A disperdere la malinconia che come di consueto si distende su Firenze in occasione della sosta per la Nazionale, piombano le dichiarazioni shock del minore dei fratelli produttori di calzature che dal 2002 possiedono la Fiorentina. Andrea Della Valle rompe il silenzio stampa a margine di un allenamento minimalista della squadra (sembra impossibile, ma i viola convocati a giro per il mondo dalle varie nazionali sono ancora diversi) e lo fa distribuendo alla stampa, che da due mesi cerca di indovinarne i pensieri come gli aruspici divinavano l’esito di battaglie politiche e militari dal volo degli uccelli, la propria Weltanschauung. Per chi fosse a digiuno di studi filosofici, significa “visione del mondo”, e da Platone in poi non è detto che quella di ogni individuo coincida necessariamente con la realtà.
E’ il caso del giovine Andrea, che se ne esce in sostanza con un “siamo ancora lì, cinque punti sono tanti ma sono ancora pochi, chi ci contesta fa parte di una esigua minoranza e non si tratta di persone perbene”. Anche ad aver vissuto nella caverna di Platone, qualcosa dovrebbe esser trapelato sul tracollo rovinoso della Fiorentina a Roma, nonché sulla sua successiva incapacità di segnare un gol all’ultima ed alla penultima della serie A (se si eccettua l’autorete provocata da Zarate col Verona) che le sono valsi due punti in tre partite e la chiusura di qualsiasi discorso di terzo posto e Champion’s League.
Anche ad aver vissuto negli ultimi quindici anni a Casette d’Ete ed essersi fatti vedere a Firenze soltanto sporadicamente per quei novanta minuti che durano le partite e neanche sempre, dovrebbe essere trapelato qualcosa sulla pazienza infinita dei fiorentini, che nel periodo di riferimento sono stati talmente “per bene” da non aver più fatto volare non dicasi un sanpietrino ma neanche un mortaretto, per non urtare la sensibilità dei patron improntata al più algido e britannico fair play (ma di quello del tempo della Regina Vittoria).
Difficile quantificare maggioranze e minoranze, signor Della Valle, ma il numero di quelli che non ne possono più a Firenze non solo di non vincere mai nulla ma nemmeno di provarci ed andarci vicino sospettiamo che sia in crescita poderosa.

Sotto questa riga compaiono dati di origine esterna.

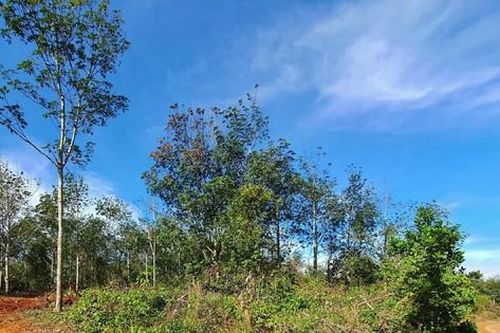Công an vào cuộc vụ cấp 'sổ đỏ' trên đất rừng trái quy định
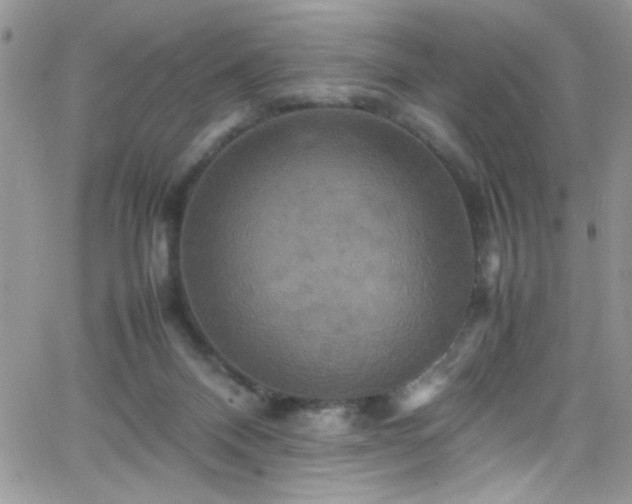 X0000066520120200603201333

Che li si voglia chiamare tifosi o clienti, in quanto paganti i fiorentini hanno preso ad intonare qualche coro non proprio beneaugurante. Qualcosa vorrà dire.

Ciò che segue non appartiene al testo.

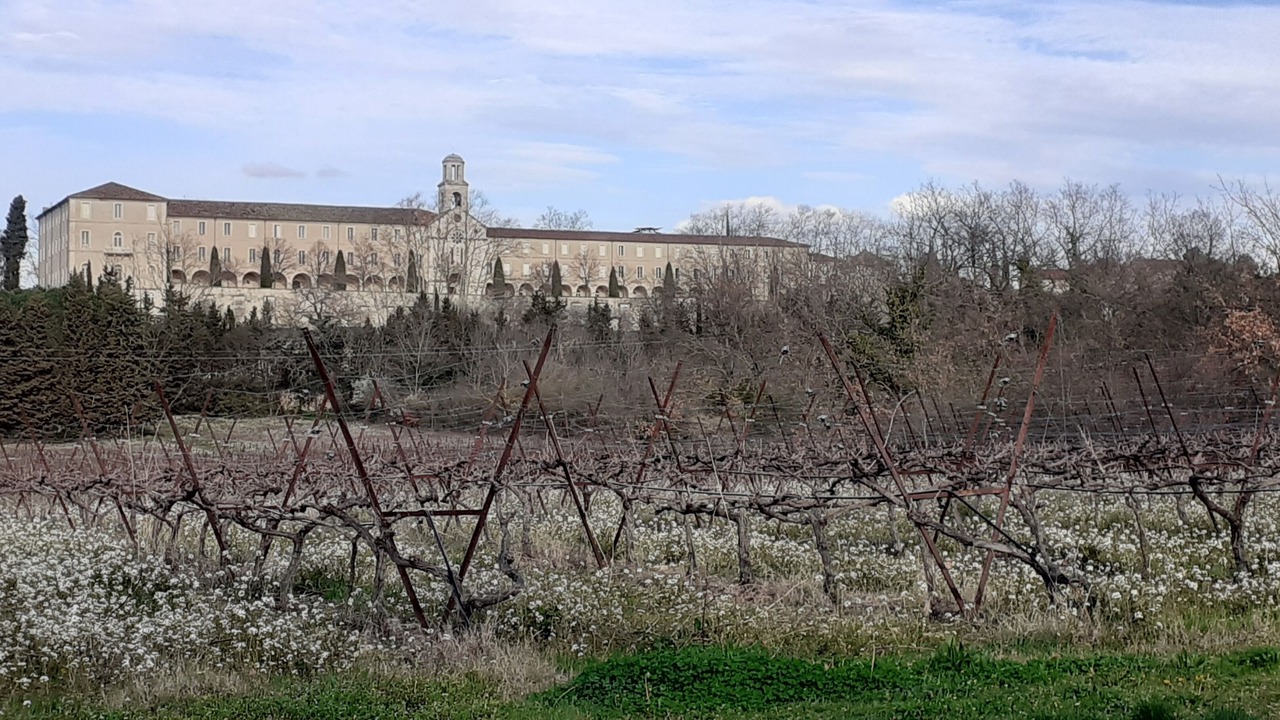 Photo of Others in Venasque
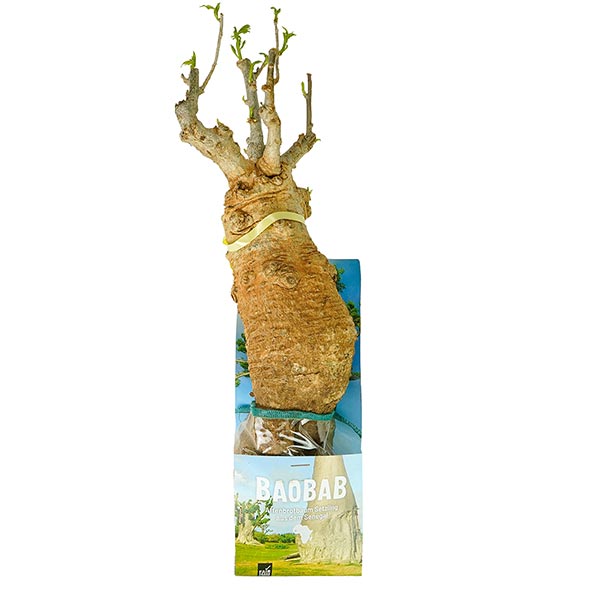 Baobab Setzling XL 8 bis 9 Jahre, 1 kg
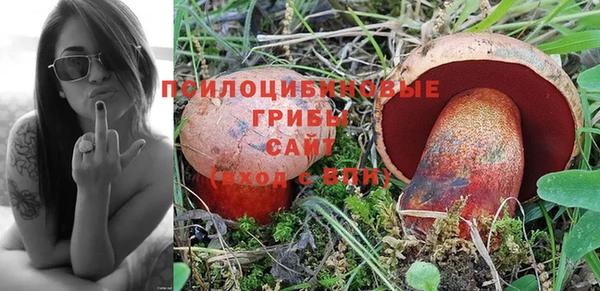 мяу мяу мука Гусиноозёрск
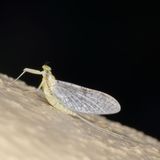 Leucrocuta minerva
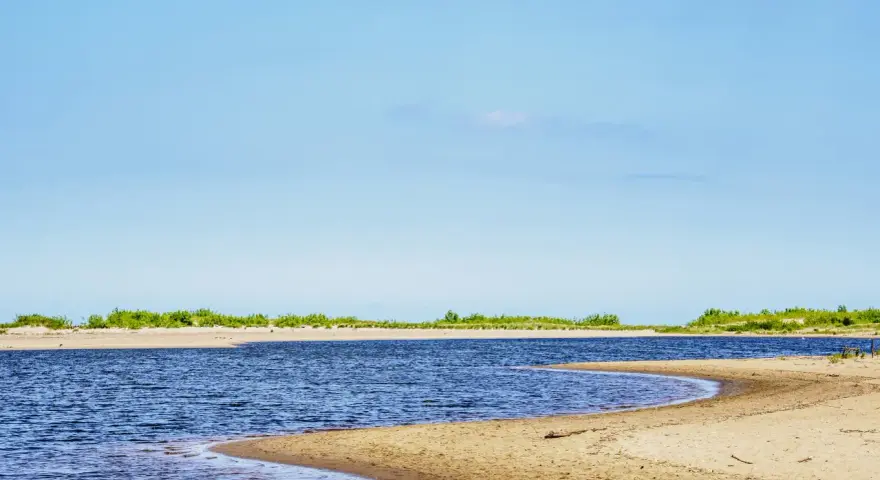 Szeroka, piaszczysta plaża i spokojne wody w miejscu, gdzie Wisła wpada do morza. Zielone zarośla na horyzoncie.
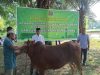 ‎Tebar Kepedulian Dii Hari Raya Idul Adha, Danrem 121/Abw Serahkan Hewan Qurban Untuk Masyarakat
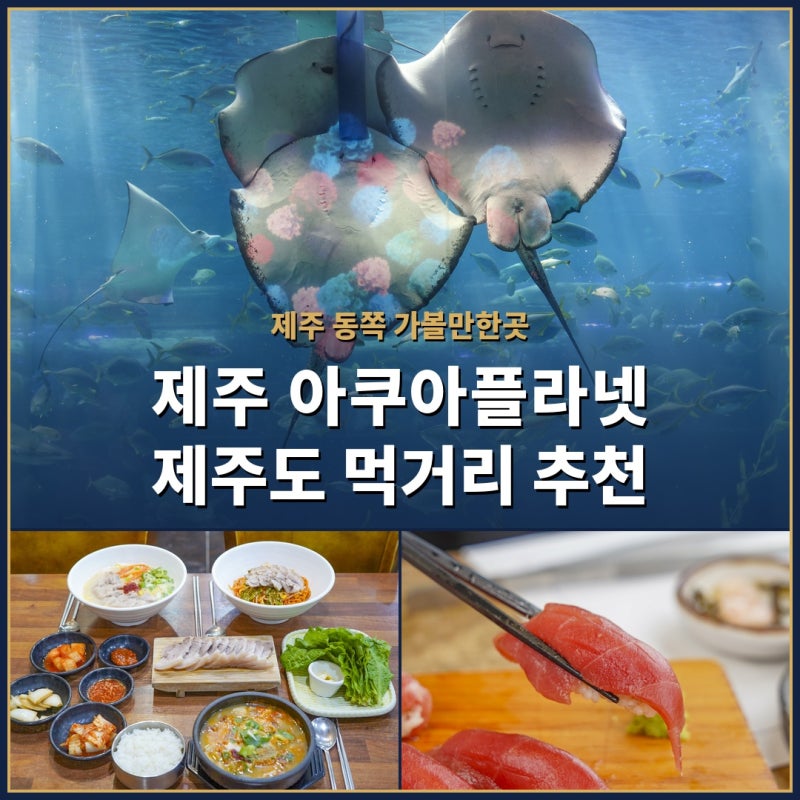 제주 동쪽 가볼만한곳 아쿠아플라넷 제주도 먹거리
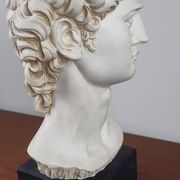 Large vintage bust "David" by Michelangelo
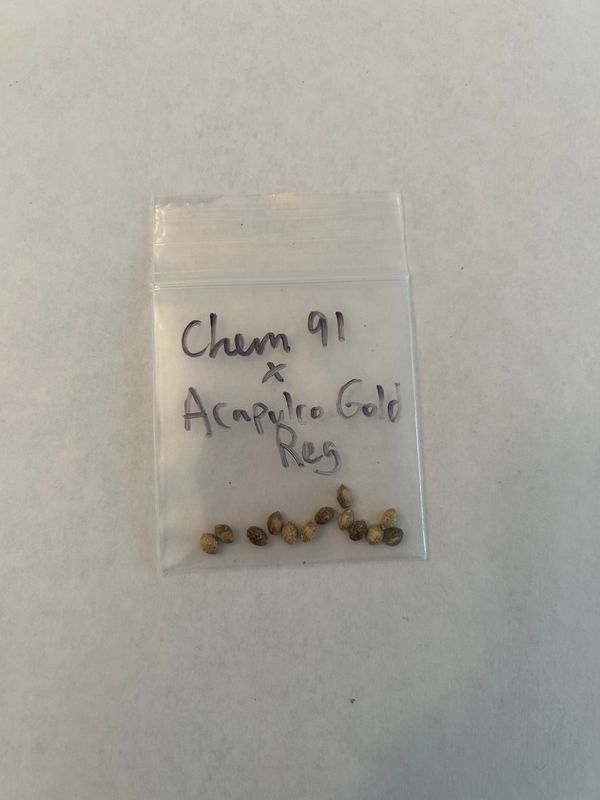Chem 91 x Acapulco Gold - 13 Regular Seeds - Mass Medical Strains - MMS Vault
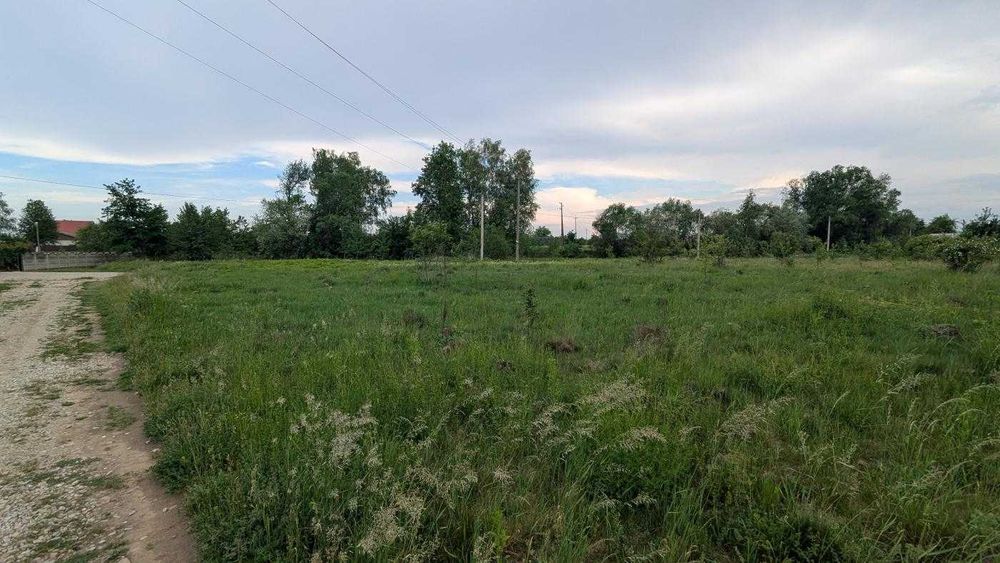 Продається ділянка 25 сот під будівництво в с. Скобичівка (12)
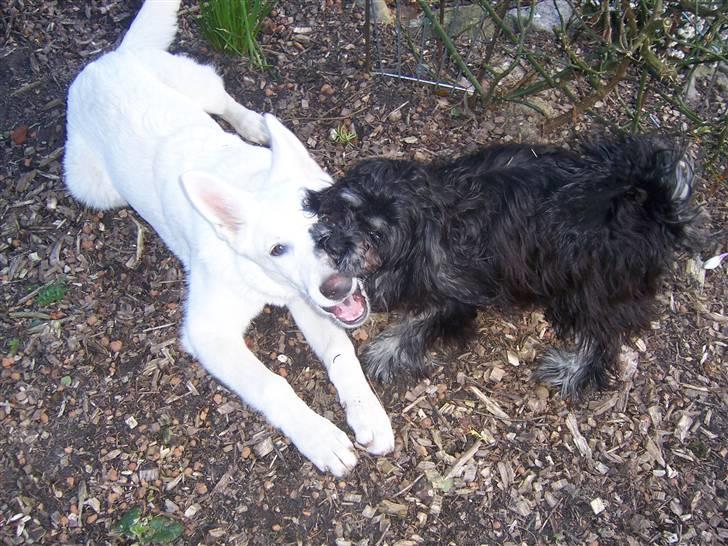 Hvid Schweizisk Hyrdehund Arven RIP billede 3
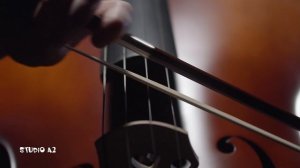 Живая струна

La sensazione è che ormai i proprietari di questa società e di questa squadra vivano in una torre isolata dal mondo, o in uno di quei castelli in cui i signori si raccontavano le favole di Giovanni Boccaccio al tempo della Peste Nera, con il ponte levatoio rigorosamente alzato. Tra le favole più apprezzate, quella dello stadio nuovo che tiene banco un giorno sì e un giorno no. Un signore del passato, insignito addirittura del titolo di conte, Ranieri Pontello, ha detto qualche giorno fa che di favola appunto si tratta. Che per vincer non abbisogna appunto costruir cittadelle, ma bensì frugarsi. Lui ne sa qualcosa, e sa anche quanto possono esser “poco per bene” i fiorentini quando si arrabbiano davvero. A Piazza Savonarola si sente ancora il fischio dei cubi di porfido e c’è traccia ancora dei fumogeni della polizia. Per lungo tempo il conte non poté sortir di casa senza scorta di armigeri. Altri tempi.

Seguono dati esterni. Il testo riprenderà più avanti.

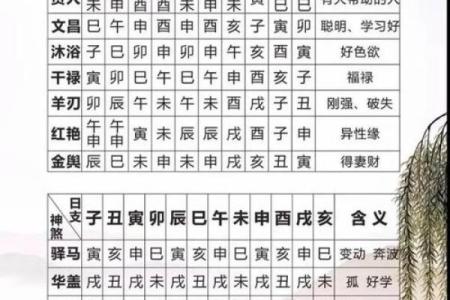 揭秘生辰八字算寿命准不准：能改运吗？合婚看什么？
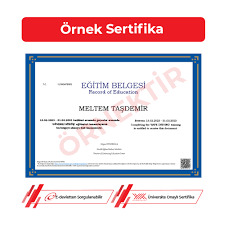 Güvenli sürüş eğitiimi aldınız mı?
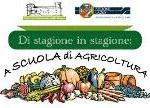 Festa Mercato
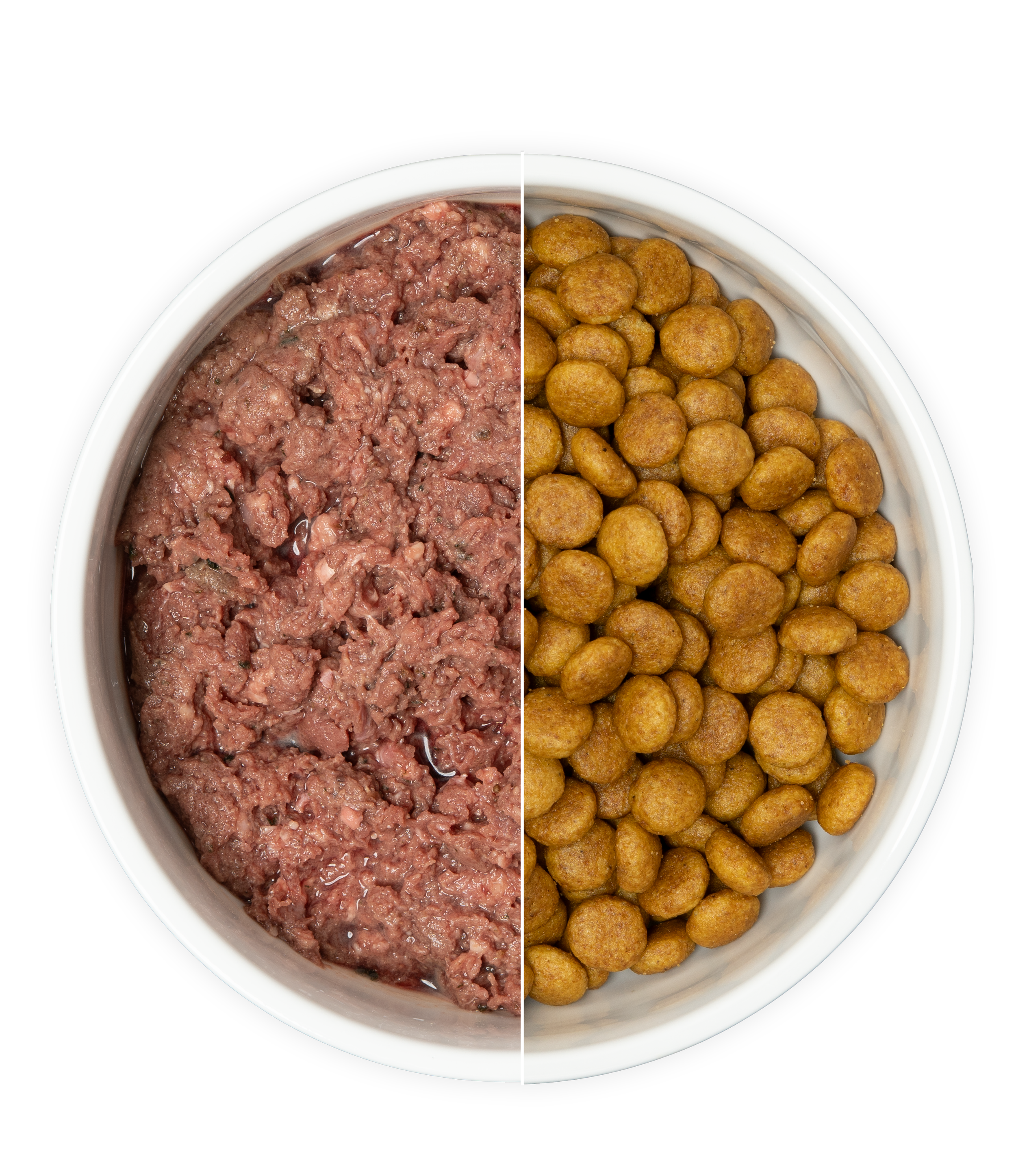 A white dish containing raw dog food on the left side and dry dog food on the right side.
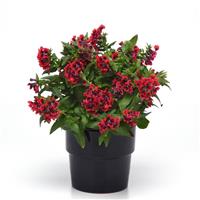 Sweet Talk™ Red Splash Container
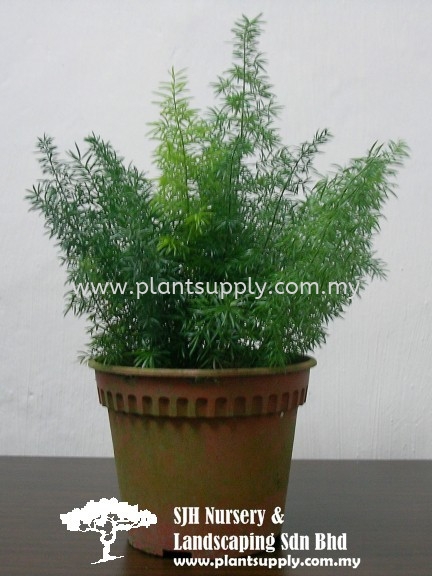 S010702 Asparagus Densiflorus 'Myersii' Shrubs Malaysia, Johor, Muar Supplier, Wholesaler, Supply, Supplies | SJH Nursery & Landscaping Sdn Bhd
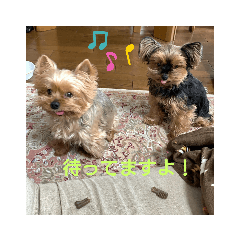 [LINEスタンプ] 皆、お友達。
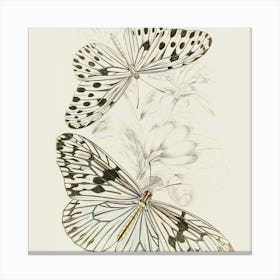 Butterflies And Flowers Canvas Print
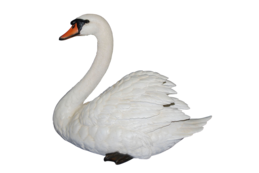 0200c73b-cdd6-259x173.png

Altra favola da Decamerone, cioè abbastanza scollacciata, è quella che vuole i signori chiusi nel castello di Casette d’Ete intenti a rimuginare sul capro espiatorio. La Pasqua c’entra ben poco, piuttosto c’entra la necessità di trovar qualcuno su cui scaricare la colpa di tutto, malgrado si sostenga protervamente che in casa viola tutto ha funzionato all’80%. Dove sarebbero adesso Sousa ed i suoi ragazzi con il 100%? In fuga davanti alla Juventus? Benalouane sarebbe convocato come titolare inamovibile dalla Francia di Didier Deschamps? Mammana sarebbe al minimo dello stipendio in tribuna a Buenos Aires, in rotta con il River Plate, per protesta contro il mancato trasferimento alla Fiorentina?
Dicevamo del capro. L’ultimo da sacrificare sarebbe nientemeno che Daniele Prade’, accusato di non essere capace nemmeno di fare la spesa al supermercato con la lista già scritta dalla moglie. Al suo posto, i signori starebbero pensando a riprendere il capro precedente, quel Pantaleo Corvino che dovette fuggire nottetempo la sera che la Juve ne segnò cinque al Franchi, e che si prese le colpe anche per l’apertura della diga di Levane durante l’Alluvione e per i delitti del Mostro. La Fiorentina non ha ancora finito di far plusvalenze con i giocatori da lui ingaggiati, quattro anni dopo. Ma il suo nome finora non si poteva più nominare, mentre da qualche giorno non c’è pagina di giornale su cui non si legga.
Sciocchezze che vengono in testa quando si vive e si fa “imprenditoria” da quindici anni in un ambiente di cui non si è capito sostanzialmente ancora nulla? Oppure sciocchezze che vengono in testa a chi deve riempire pagine di giornale e non sa dove batterla, quella testa? Oppure a chi non sa come passare l’ennesimo fine settimana senza Fiorentina, mannaggia alla Nazionale, almeno Conte ci facesse vedere Bernardeschi in azzurro?
L’ultimo numero dieci viola in azzurro esordì a Rotterdam 42 anni fa. Si chiamava Giancarlo Antognoni, e giocò talmente bene da ricevere i complimenti del numero quattordici avversario, un tizio che si chiamava Johann Cruyff. Se n’è andato ieri a neanche settant’anni, Giovannino. Come se di tristezza in petto non ne avessimo già abbastanza, immersi come siamo in questo calcio che non regala più una gioia, e non solo per colpa dei Della Valle.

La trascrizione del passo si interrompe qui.